I didn’t really have a question here, but I wanted to make a few comments concerning Bob’s recent blog article on traditional burial vs. cremation. I basically agree with everything Bob wrote. There is certainly nothing in the Bible that mandates either cremation or burial.
As an American who is married to a Korean and has been living in South Korea since 2003, I have learned to view this issue from a very different perspective. As you guys probably know, there is a large Christian presence here in Korea.
Ironically, most of the pastors over here urge their parishioners to choose cremation rather than burial. The reason for this is that visiting the gravesite of a deceased relative has always been closely linked with the traditional Korean practice of jaesa, which is essentially a form of ancestral worship. In fact, many non-religious Koreans often tend to favor traditional burial. In particular, many of the older non-Christian Koreans view cremation as a more Christian practice. (Of course, I should note that a lot of Buddhists also favor cremation.)
The other issue that is often missing from this whole debate is scarcity of land. Certainly, this is not a relevant issue in the U.S. or Canada; however, many Korean Christians prefer cremation to save on the exorbitant costs involved with burial as well as for environmental reasons. There simply isn’t enough land available in Korea, and the land that is available is completely unaffordable to the average person.
These are a couple reasons why Korean Christians generally prefer cremation as opposed to burial. Again, I liked Bob’s article. I thought that Al Mohler’s position on cremation was very Americentric. I would be surprised to find a single pastor here in Korea that would agree with his position for the reasons I cited above.

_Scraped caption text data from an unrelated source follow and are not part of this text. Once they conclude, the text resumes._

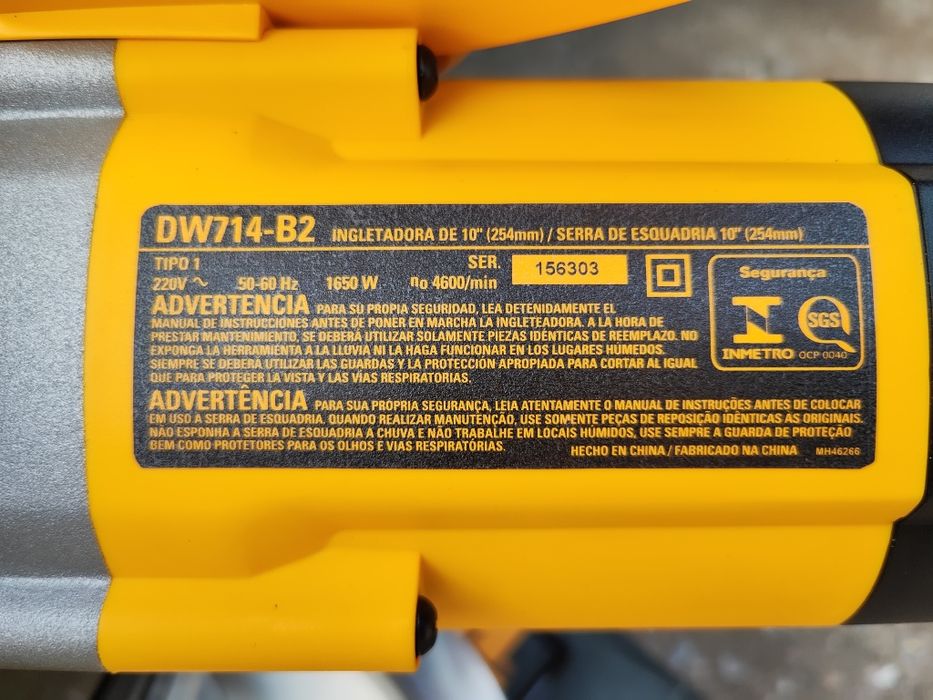 Торцовочная Пила, углорез DW 714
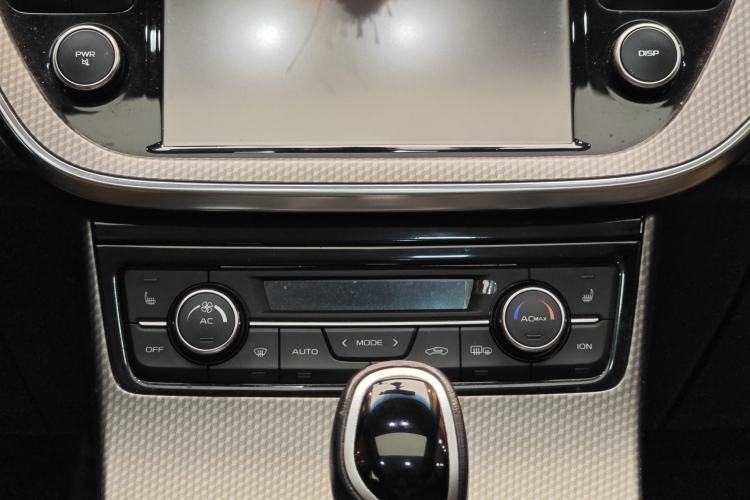 Used Geely Auto Emgrand GS 2017 Sport Edition 1.3T Automatic Smart Connectivity Model Audio And AC Panel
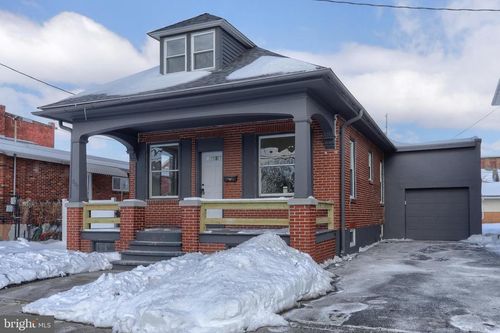 207 E Lehman St, LEBANON, PA, 17046-3931 | Card Image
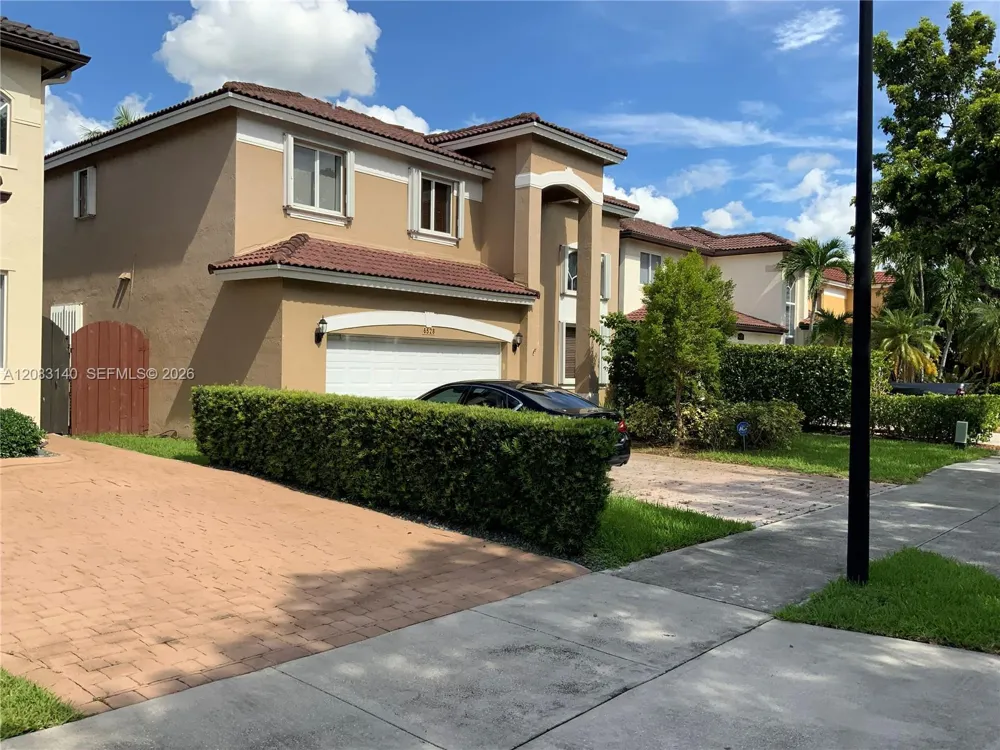 6528 SW 158th Pass Miami, FL 33193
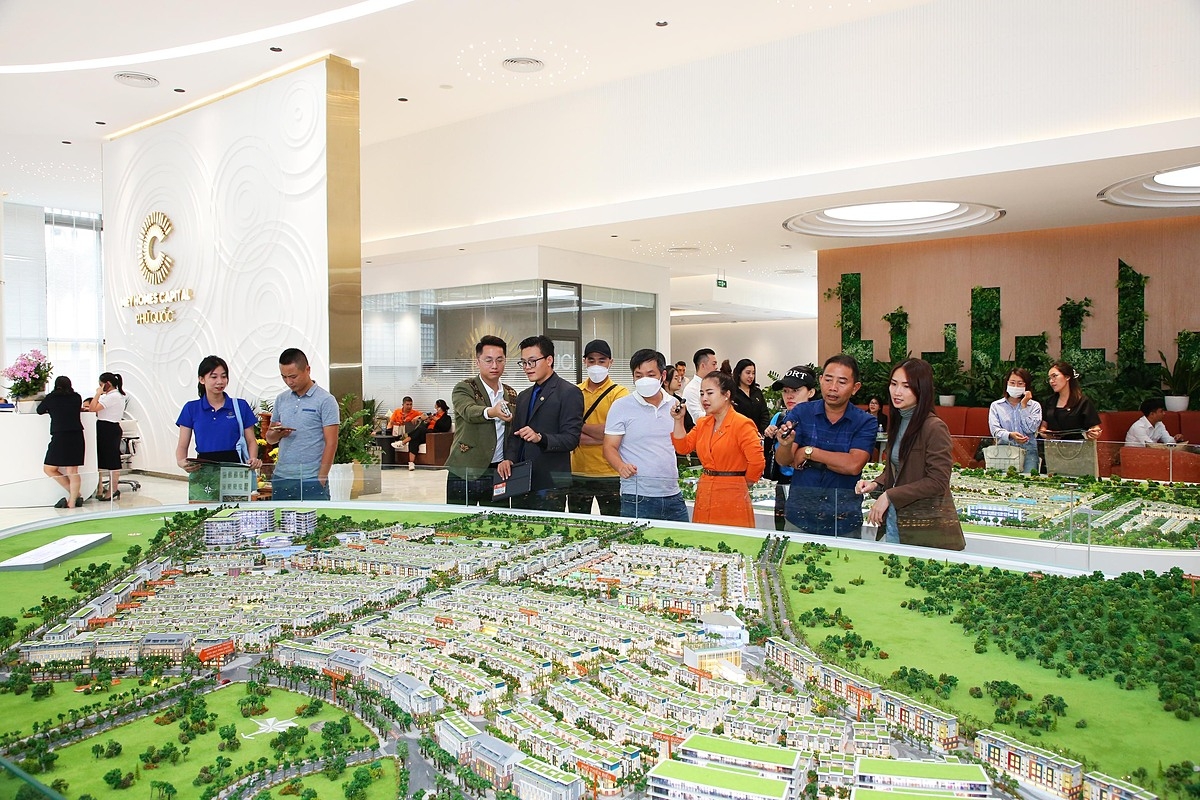 Khách hàng tham quan văn phòng bán hàng dự án Meyhomes Capital Phú Quốc.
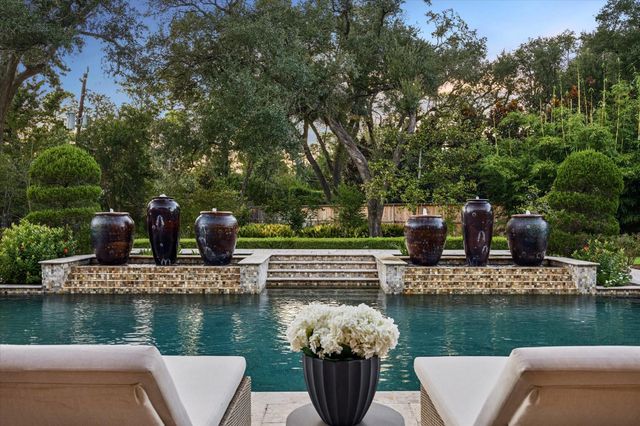 327 E Friar Tuck Lane, Houston, TX 77024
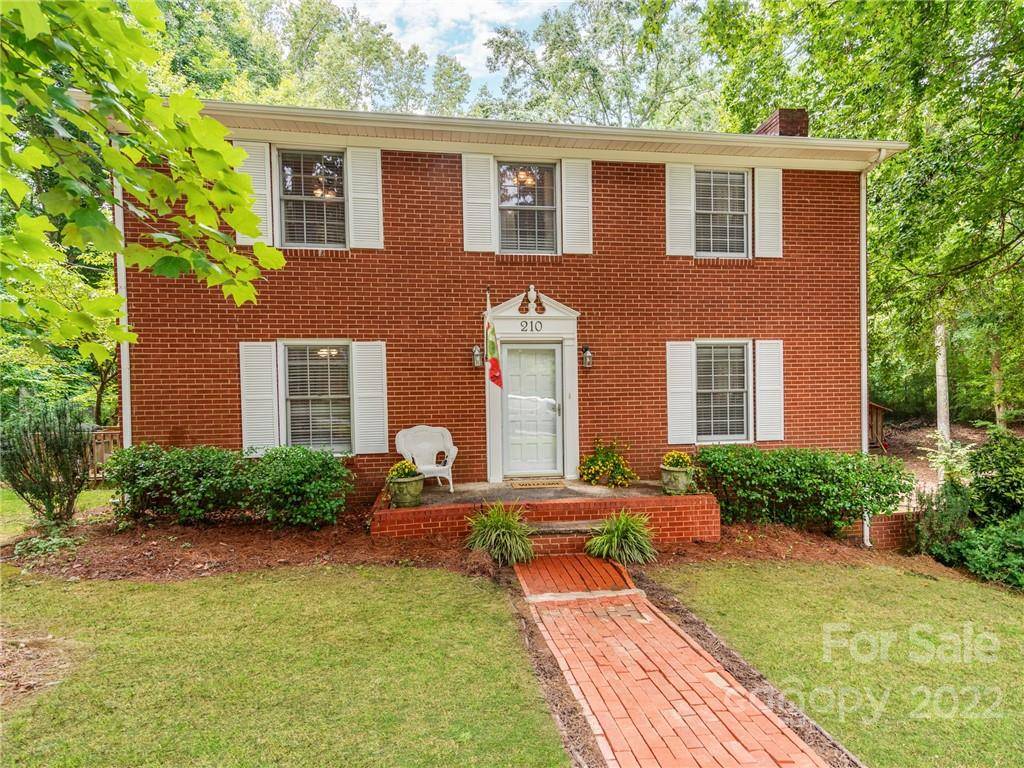 Charlotte, NC 28214,210 Kingsway CIR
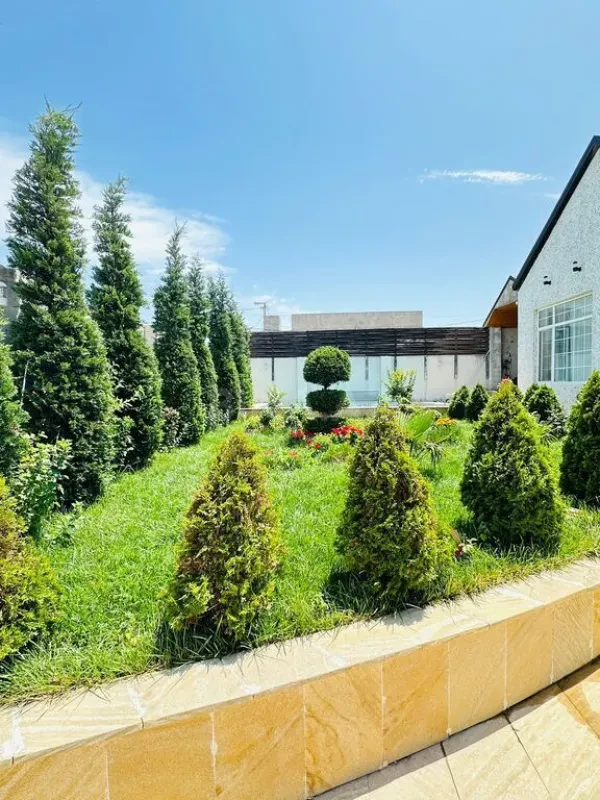 Kirayə verilir 4 otaqlı həyət evi 210 m²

Anyway, that’s all I wanted to say. God bless you guys!
That is so well said. While financial concerns may not be great for many of us in developed nations (although they are for many even in the U.S.), they certainly are in developing countries. The land issue is also a consideration that I did not mention, but which makes a lot of sense in many countries. And the issue of ancestral worship is something I had not considered either.